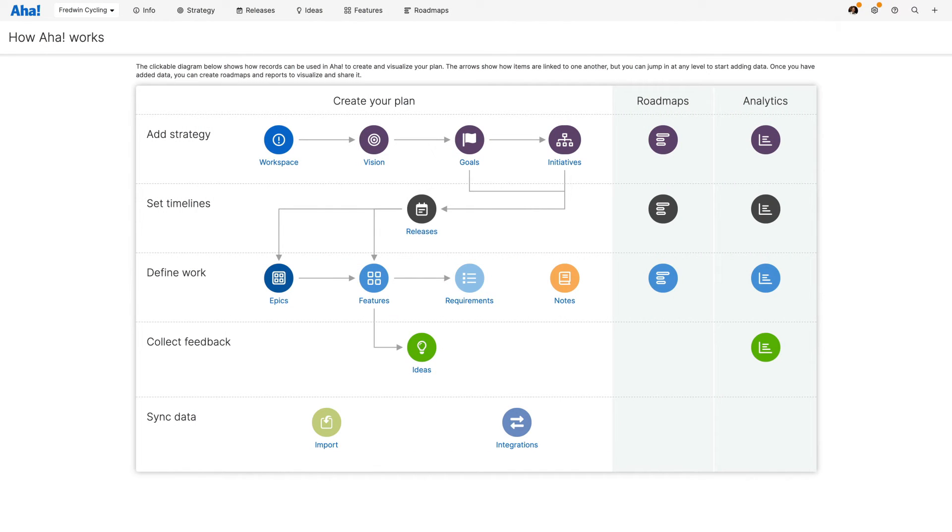Understanding the different record types and how each one is related will help you determine the most effective way to organize your own data in Aha.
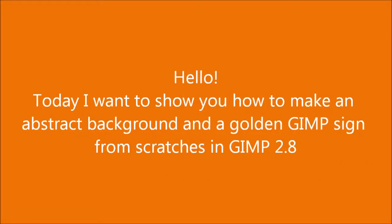Hello! Today I want to show you how to make an abstract background and the golden GIMP sign from scratch in GIMP 2.8.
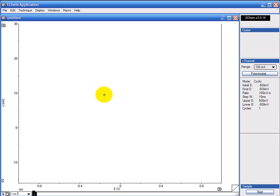This screencast training video shows how you set up the eChem software to do cyclic voltammetry. First you connect the potentiostat to the ecorder as described in the manual and then open up the eChem software.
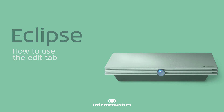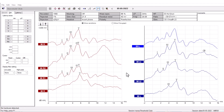How to use the Edit tab. This is how you use the Edit tab in the Eclipse software. First, click the Edit tab next to Recording, and you'll see this window here to the left.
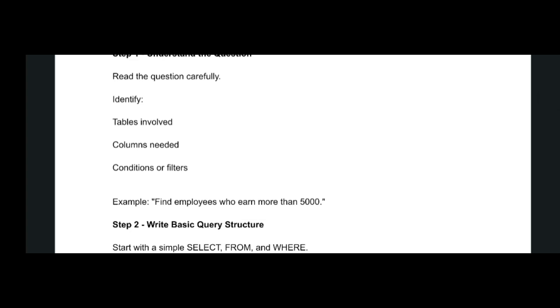First, you have to read the question carefully and identify the tables involved and the columns that you need to import in the FROM section and conditions or filters in the WHERE clauses. For example, if they're asking to find employees who earn more than 5000, you have to know some basic query structure.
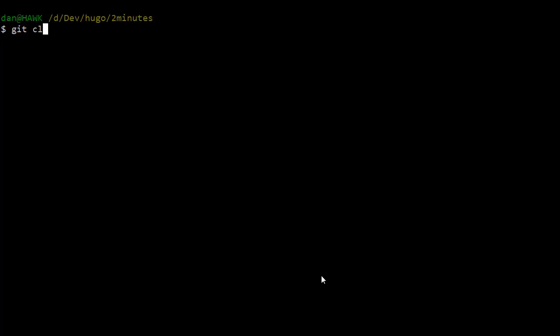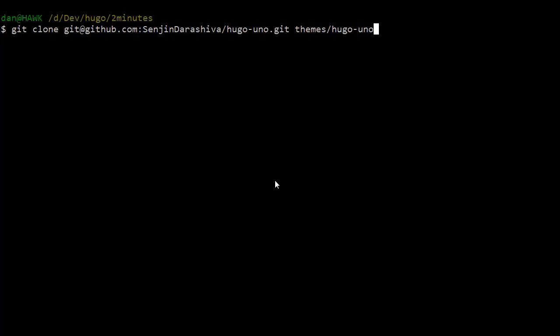And then we're going to git clone the theme we're going to use to themes Hugo Uno.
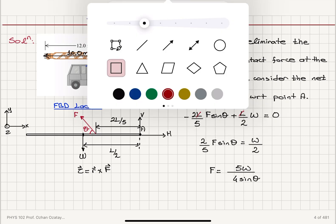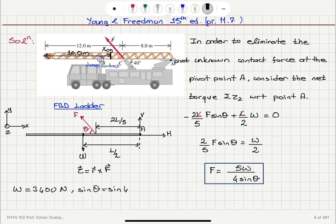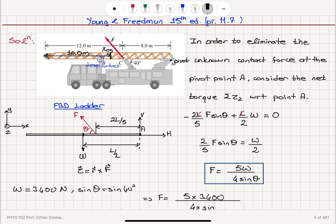Substituting the numbers: W equals 3,400 N and sine theta equals sine 40 degrees. The force becomes 5 times 3,400 divided by 4 times sine 40, giving a force of 6.6 kilonewtons.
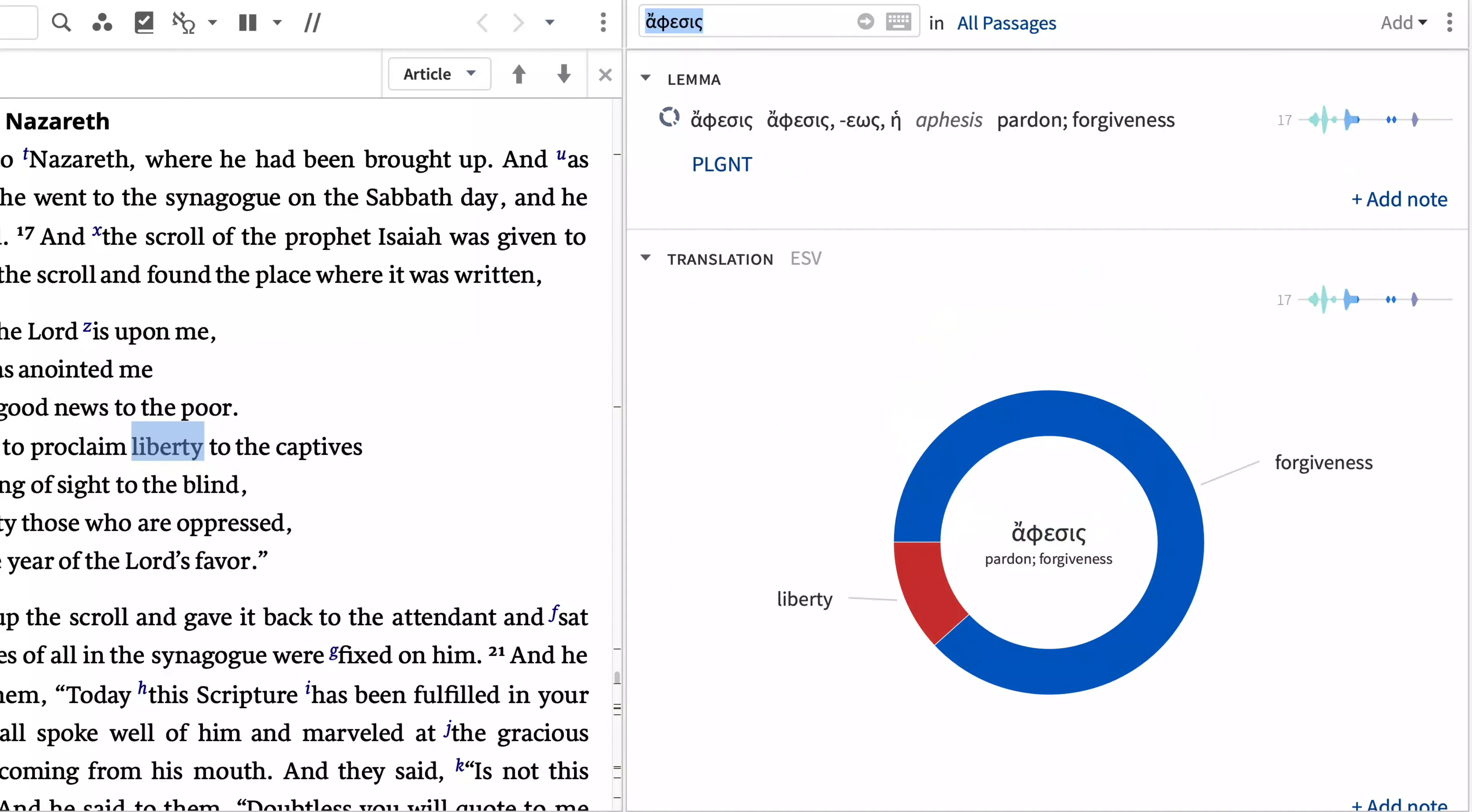This action creates a comprehensive report on the original language lemma underlying the English word you see in your Bible. The guide combs through articles in your lexicons and Bible dictionaries, surfaces references on how the term is used in the Old and New Testaments, and exposes key phrases containing the term you've selected.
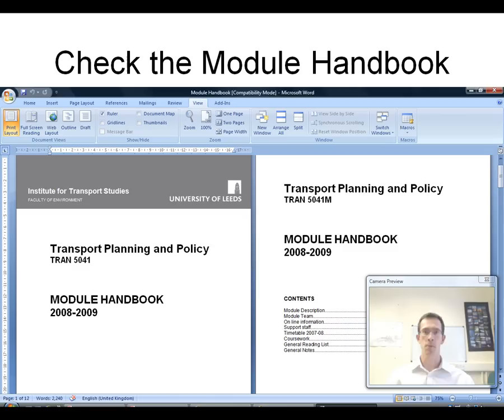That's the end of the introductory lecture. I hope you enjoy Transport Planning and Policy as a module, and I hope it provides the right building blocks for all the other things you're going to do here with us at the Institute for Transport Studies. Thank you for listening.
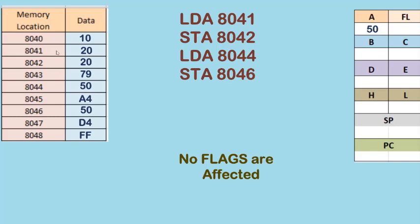So these are the LDA and STA instructions. With LDA, the destination is always register A. With STA, the source is always register A. That's all for this session. Thanks for watching.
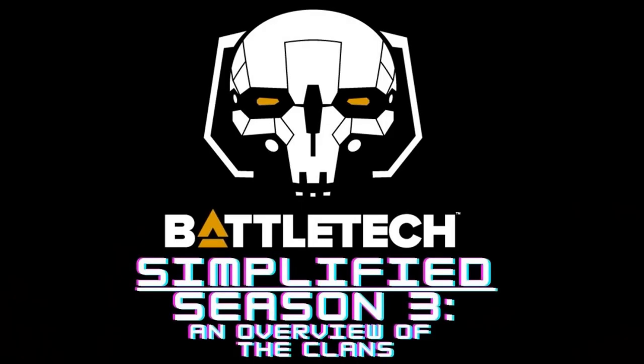Welcome, folks, to the inaugural episode of Season 3 of Battletech Simplified. I'm Michael Shockman, I'll be your host and commentator, and in today's first episode we will be doing an overview of the clans.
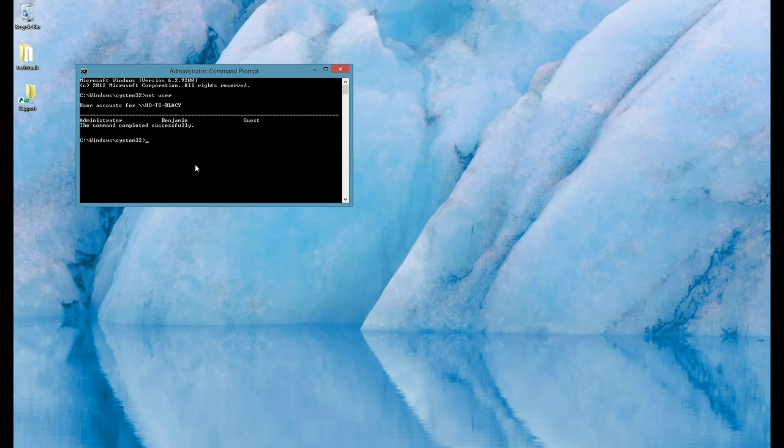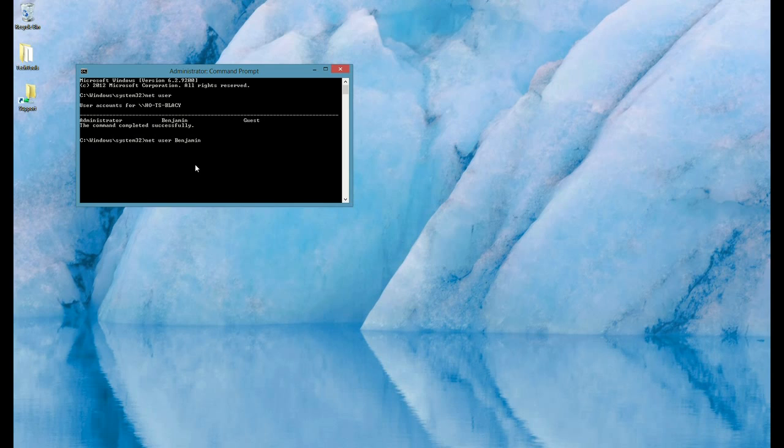The command we're going to enter will be net user, the name of the administrator as it appears, then space, and whatever password we want to change it to. For example, we're going to use 1 through 6.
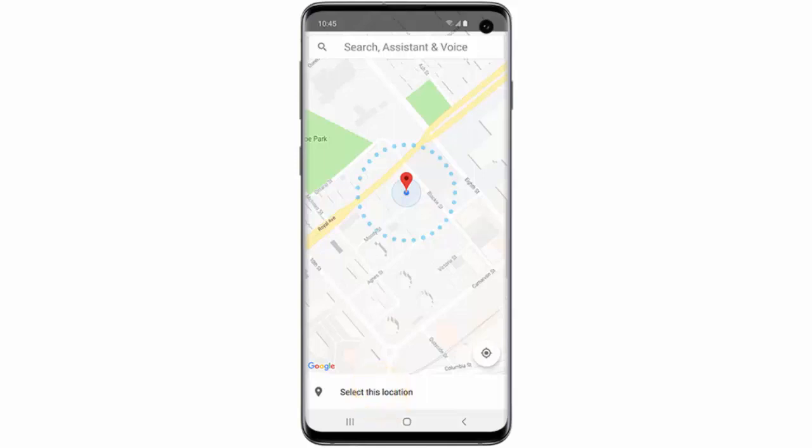Hi, in this video I will show you how to use trusted places to unlock your Samsung Galaxy S10, S10 Plus or S10e.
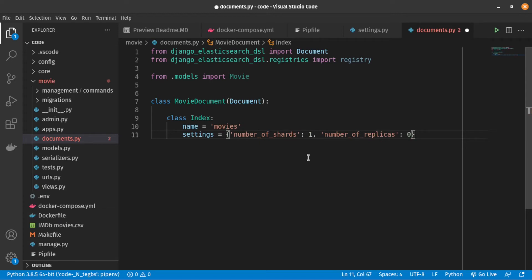Basically, an index can potentially store a large amount of data that can exceed the hardware limits of a single node. To solve this problem, Elasticsearch provides the ability to subdivide your index into multiple pieces called shards. And replica is basically copies of shards that Elasticsearch creates for backup purpose.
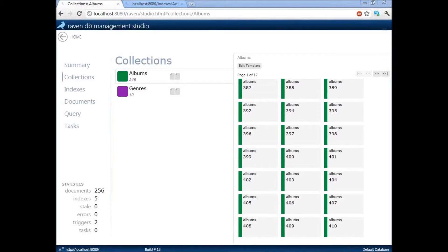How would one go about updating an artist? Not adding an artist, but updating an artist. This is a question by Kenny Boo. And the answer is that you cannot update an artist in this fashion. This is intentional because in this data set, artist does not really exist outside of the albums.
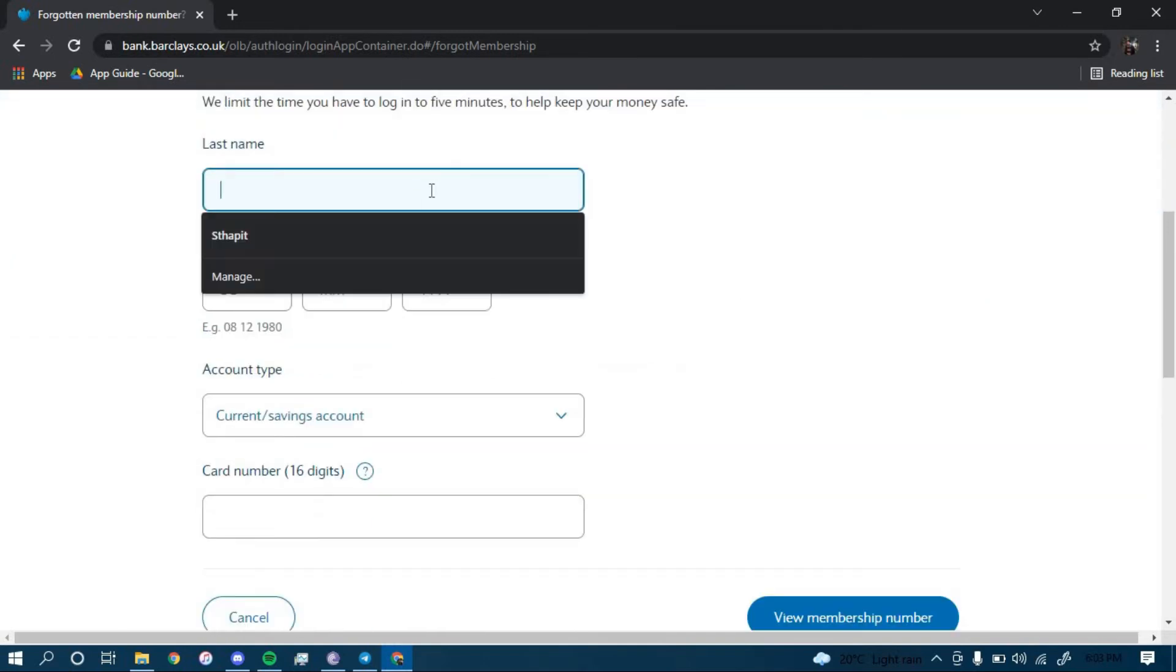Then you have to type in your last name, your date of birth here, your account type here, and type in your 16-digit card number here.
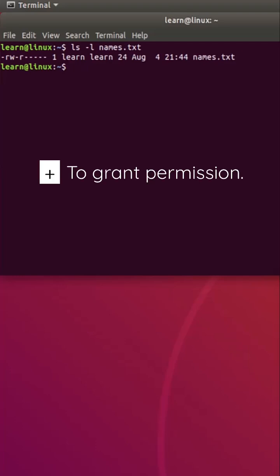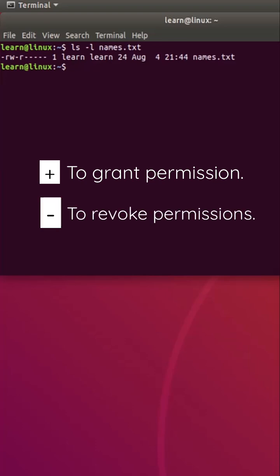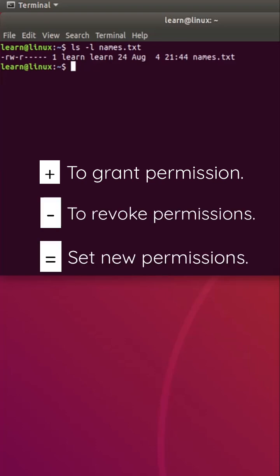To grant permissions to one or more class of users, we use the plus symbol. Similarly, we use the minus symbol to revoke the granted permissions. The equals symbol sets new permissions exactly as you mentioned.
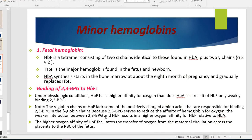The minor hemoglobins include fetal hemoglobin, hemoglobin A2, and hemoglobin A1C. Fetal hemoglobin is a tetramer formed of two alpha chains with two gamma chains — alpha 2 gamma 2. It is the major hemoglobin in fetal life and in the newborn.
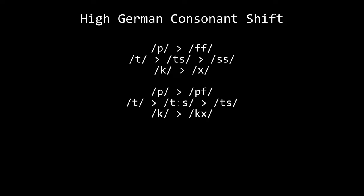Next is p to pf, t to ts, and k to kx. Only the first two occurred in Standard German, but all three in Bavarian, Swiss, and some other dialects.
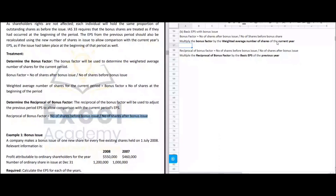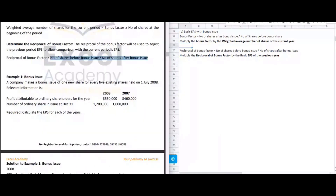The reciprocal formula is: number of shares before bonus issue divided by number of shares after bonus issue. Using our scenario: 5 million divided by 5.5 million gives 0.9. That is the reciprocal, which you then multiply by the basic EPS of the previous year.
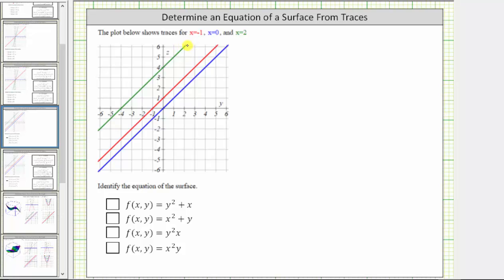The plot below shows traces for x equals negative one, x equals zero, and x equals two. Looking at the traces, notice how the horizontal axis is the y-axis and the vertical axis is the z-axis. We've also identified the equation of the surface. To begin, we'll determine the equations of the traces for each of the four functions.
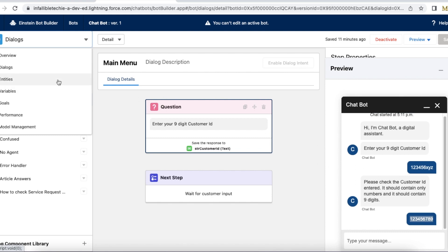So using custom entities, we can definitely use a regular expression to validate customer input while using Salesforce Einstein bot.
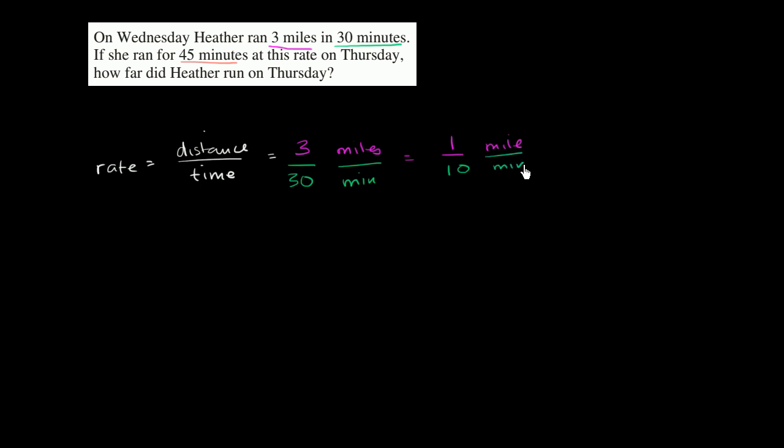Now that's not what they're asking for. They're saying if she went at this rate for 45 minutes, how far would she run? Well, just multiply them.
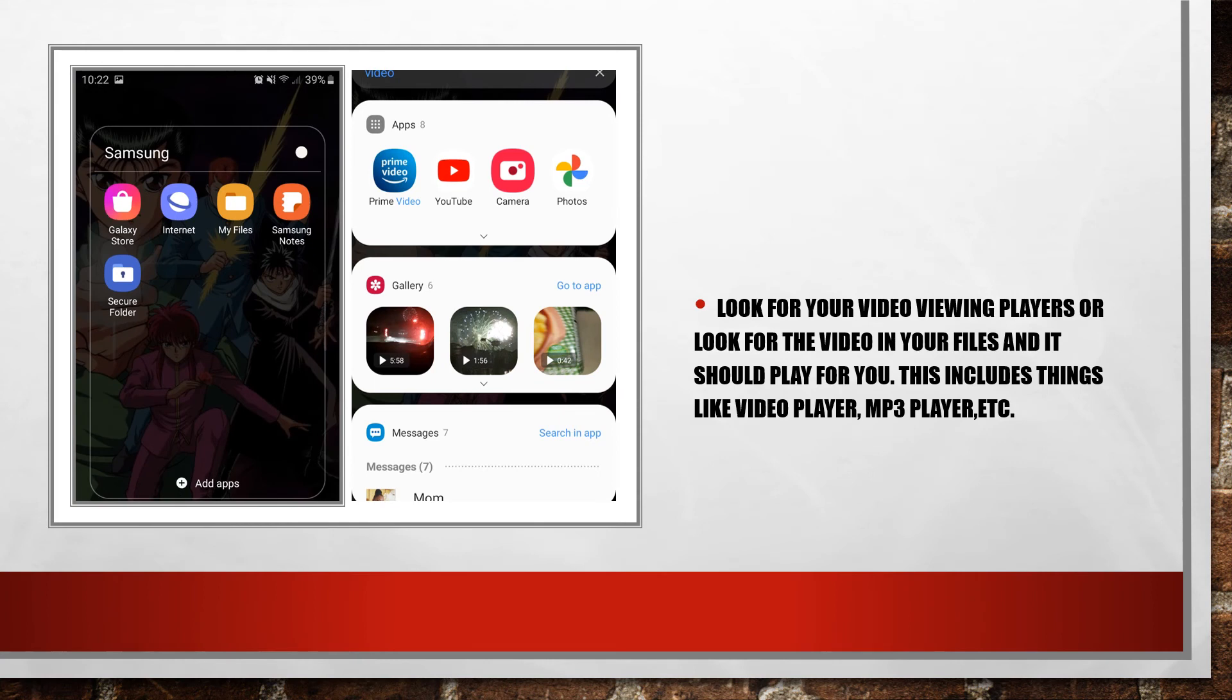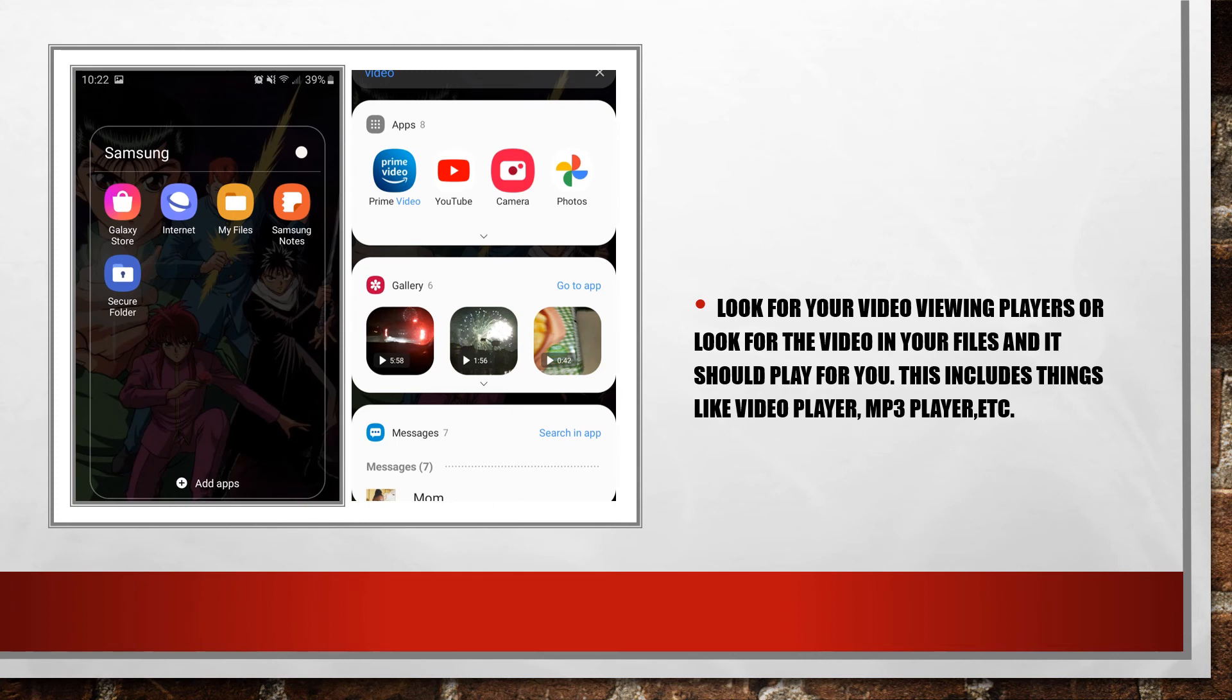After you download the video, you should be able to come onto your phone and look for your video service. Not necessarily something like Prime Video or YouTube or your gallery, but like an MP3 player or a video player app. If you just go to your files you should be able to find it.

### Problem to solve
Restate the lines above from the one containing "This screencast training" through the one containing "That's the end", inclusive, exactly and without pictures.

### Exercise output
This screencast training video shows how you set up the eChem software to do cyclic voltammetry. First you connect the potentiostat to the ecorder as described in the manual and then open up the eChem software.
How to use the Edit tab. This is how you use the Edit tab in the Eclipse software. First, click the Edit tab next to Recording, and you'll see this window here to the left.
First, you have to read the question carefully and identify the tables involved and the columns that you need to import in the FROM section and conditions or filters in the WHERE clauses. For example, if they're asking to find employees who earn more than 5000, you have to know some basic query structure.
And then we're going to git clone the theme we're going to use to themes Hugo Uno.
Substituting the numbers: W equals 3,400 N and sine theta equals sine 40 degrees. The force becomes 5 times 3,400 divided by 4 times sine 40, giving a force of 6.6 kilonewtons.
This action creates a comprehensive report on the original language lemma underlying the English word you see in your Bible. The guide combs through articles in your lexicons and Bible dictionaries, surfaces references on how the term is used in the Old and New Testaments, and exposes key phrases containing the term you've selected.
That's the end of the introductory lecture. I hope you enjoy Transport Planning and Policy as a module, and I hope it provides the right building blocks for all the other things you're going to do here with us at the Institute for Transport Studies. Thank you for listening.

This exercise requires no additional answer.